August 30, 2004

Healing the divide in advertising's religion

I've been musing recently [not good . . . everyone clear the area] about marketing and advertising. Among those two people who read my blog and half care about the subject matter, the idea on paper (not the idea in conception, which I can not claim pure authorship over) will probably cause dissention, possibly distaste, maybe disgust, and almost certainly defensiveness. Every good religious debate does all those things -- and starts a round of name-calling to boot. That's OK: I can take it.

The idea I've woven into a 1,500-word essay entitled, A Lutheran view of advertising orthodoxy, is this: The advertising world, through its organization, priests and prophets, and its adherents has managed to create an interesting and largely dichotomous religion categorized by brand and direct advertising. They are the catholic and orthodox of the advertising world.

These two branches of the same overall theology have developed their own rituals and rites. And, like good variations on a theme, manage to depricate one another's beliefs on rather inconsequential differences all the while obligingly ignoring the absence of underlying reason for the persistence of such distinctions.

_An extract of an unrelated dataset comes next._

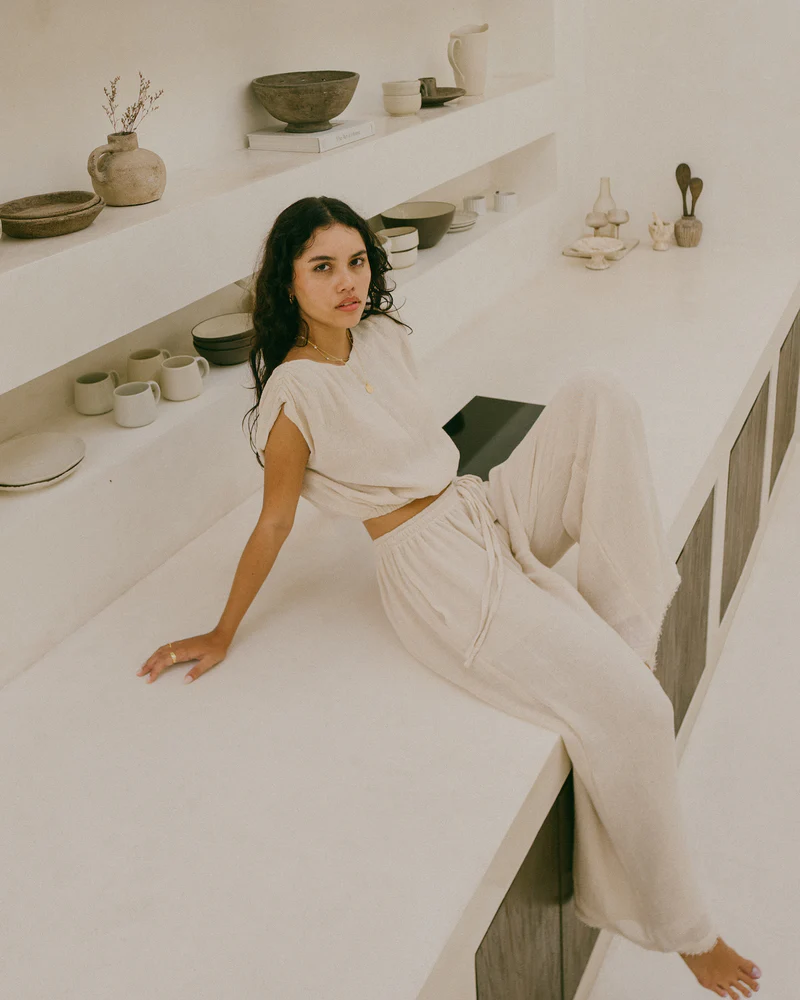 Mila Pants - Image 2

What I'm saying is, I think that advertising and marketing communications in general is due for a post-reformation (to carry on the religio-historic theme) restructuring. For any who remember, the Cluetrain Manifesto actually numbered many "theses" although I can't recall or not whether they were actually nailed to any doors. With a little bit of time between then and now, and some further changes to the context of the advertising model(s), it's probably good time for marketers (specifically advertisers) to reassess what they're doing.

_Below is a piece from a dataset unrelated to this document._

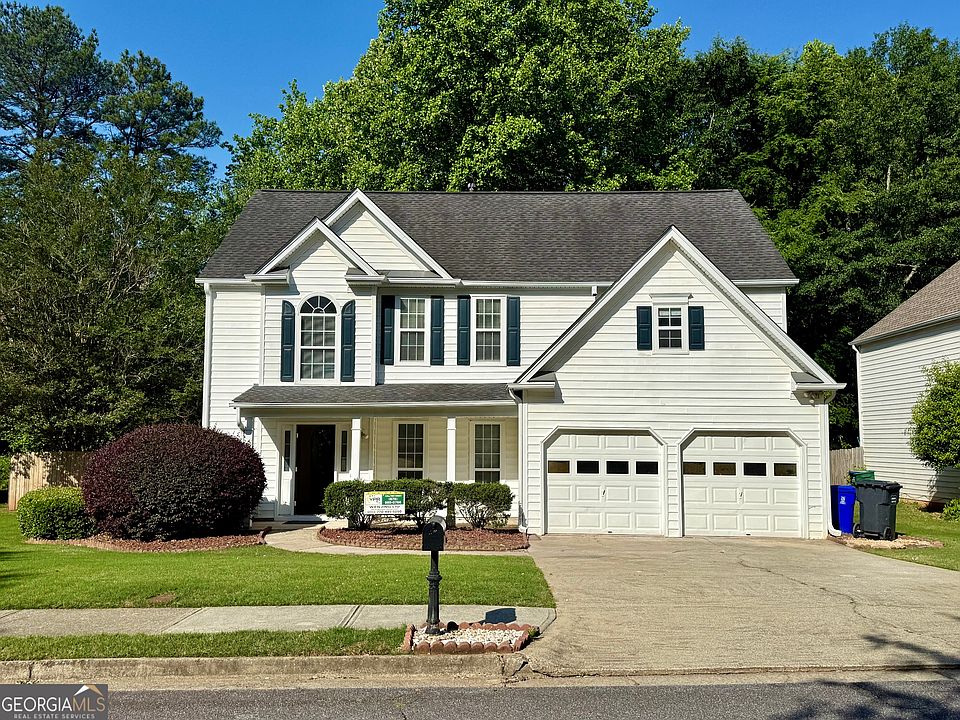 1st image of 2700 Woodbine Hill Way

Despite the comfort in continuing with what we know ("better the devil . . ."), there is ample evidence to suggest that (a) what we know isn't working all that well anymore, (b) there is no need for the dichotomy and distinction between Brand and Direct, and (c) at a competitive level, we better do something else before it's too late. I don't know exactly what that is, but I have taken a stab at it by suggesting it has an awful lot to do with "iterated communication," "interaction rhythm," "consumer engagement," "media-agnostic, multi-channel instant response technologies," and "undiscovered country."

I spent a whack of time re-writing the essay not to be pointedly aggressive to any one in particular, especially advertising people of either variation, so download the PDF and give it a read. (IOW: I'm not going to retype it here.) Get angry. Write me a nasty note. But if you do, please tell me why the status quo is so enviable.